In the lead up to holiday 2010, there was some speculation about whether the motion-based video game bubble had burst. Nintendo (PINK: NTDOY) and its Wii saw steep declines in 2010, and Sony (NYSE: SNE) and Microsoft (NASDAQ: MSFT) were late with their respective Wii killers.
It was difficult to gauge, then, the pre-release hype surrounding the Microsoft Kinect, a hands-free controller for the Xbox 360 ,and the Sony PlayStation 3 wand controller known simply as the Move. Were consumers going to get moving themselves despite a beleaguered video game market?
Microsoft and Sony stock owners both have reason to breathe a sigh of relief as sales have proven strong. MSFT maintained great momentum with Kinect through the Thanksgiving week. As of yesterday, Microsoft had sold 2.5 million units worldwide. MSFT announced the Kinect’s impressive sales in a press release yesterday, confirming that just 25 days after the hands-free gaming device hit shelves, they are already halfway toward their stated goal of selling 5 million Kinects before the end of calendar 2010. The sales numbers also indicate that Microsoft isn’t suffering from the supply constraints some predicted for the company this fall. Kinect sold 1 million units in its first ten days on the market, and while Microsoft undoubtedly benefitted from a well-publicized launch for Kinect and the Black Friday advertising blitz from video game retailers like Best Buy (NYSE: BBY), Amazon (NASDAQ: AMZN), GameStop (NASDAQ: GME), and Walmart (NYSE: WMT), their momentum should hold until Christmas.
Sony’s Playstation Move, meanwhile, is performing admirably, though not quite as well as Kinect despite larger overall sales numbers. The Japanese electronics giant announced today that its wand controller, recently lauded by Popular Science‘s “Best of What’s New 2010” feature for its accuracy, has sold 4.1 million units since its international launch in mid-September. Sony’s press release claims 41.6 million Playstation 3s sold worldwide since 2006, meaning the Move is now in the hands of one out of every ten console owners. This is an impressive attachment rate for a new peripheral that isn’t essential for most software.
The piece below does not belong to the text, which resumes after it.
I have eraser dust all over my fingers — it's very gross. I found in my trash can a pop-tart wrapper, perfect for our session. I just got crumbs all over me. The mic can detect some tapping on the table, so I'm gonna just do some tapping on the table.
It is difficult to judge, however, the revenue generated by Move sales for Sony. Unlike the Kinect, which is a single item available as a standalone product or bundled with the Xbox 360 console, the Playstation Move is available in multiple retail configurations since it is dependent on multiple pieces of hardware. In addition to a package that bundles the device with the requisite Playstation Eye camera, there are also standalone Move controllers as well as Playstation 3 and Move bundles. The number of Move controllers in the wild will help Sony drive Move software adoption, but it makes it difficult to judge if the device is driving console sales, something Sony desperately needs considering the success of Microsoft’s redesigned Xbox 360 across the back half of 2010.
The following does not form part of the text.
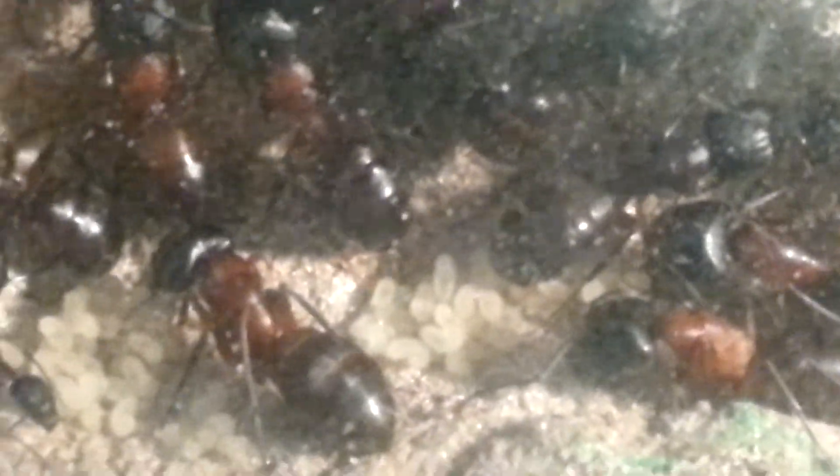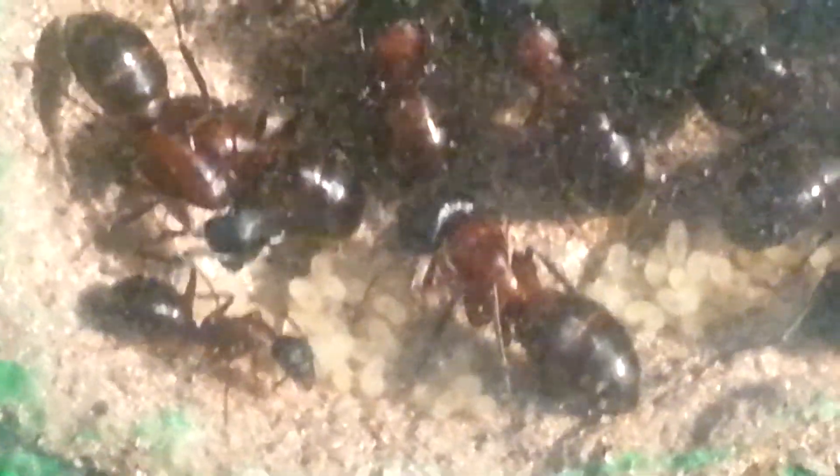Here is some brood — larvae that have been basically the same size since October. Of course they are probably in diapause, so they are not going to be growing much.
Sony faces another significant hurdle this fall, namely the absence of marquee titles aimed at enthusiast gamers. With the exception of driving simulator Gran Turismo 5, released last week after delays spanning nearly three years, Sony does not have any new first-party software to cater to core fans drawn by action titles in the vein of Activision Blizzard (NASDAQ: ATVI) Call of Duty. Microsoft, meanwhile, is enjoying brisk sales for both the September-released Halo: Reach and October’s Fable III. Though core games like these don’t sell in as great numbers as more family-friendly fare like the games developed for Kinect and Move, they tend to generate more revenue. Cowan & Company published the results of a recent survey last week, concluding that core games still represent the best investment for game publishers, despite the growing popularity mobile, social, and casual home console gaming. “The results of our Fall 2010 Videogame Survey do not change our view that high-quality games for the core gamer remain the best investment for videogame publishers despite changes to the structure of the videogame industry.”
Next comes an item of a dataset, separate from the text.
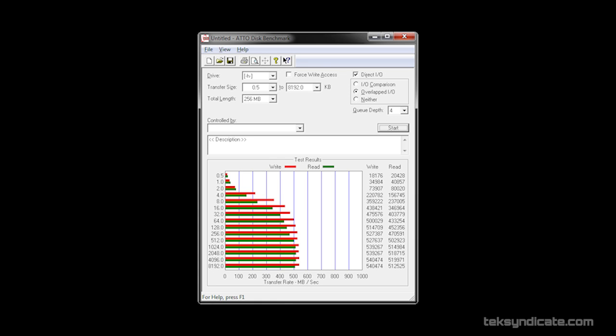Benchmarked using ATTO: the write speed we got is 540.474 megabytes per second, and the read speed is 519.971 megabytes per second. Compare that to the Vertex 4 — we only have the 128 gigabyte version. The Vertex 4s get faster as you go up. The 128 gig write speed is only 205, but the read speed is 498.256. The 256 gig write speed is 380, and the 512 gig Vertex 4 write speed is 475.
Investors lamenting Microsoft’s refusal to split the video game division away from the flat core company should find a more fuel for their arguments following the holiday season. Sony shareholders, meanwhile, should be patient considering the company’s habit of playing the long game and having it payoff. Share price has grown steadily since July lows and it up 27% today, trading at around $35.40 as of this writing. Now would be a good time to buy in anticipation of a steady holiday fueled by Gran Turismo 5 and low-cost legacy software.
As of this writing, Anthony Agnello did not own a position in any of the stocks named here.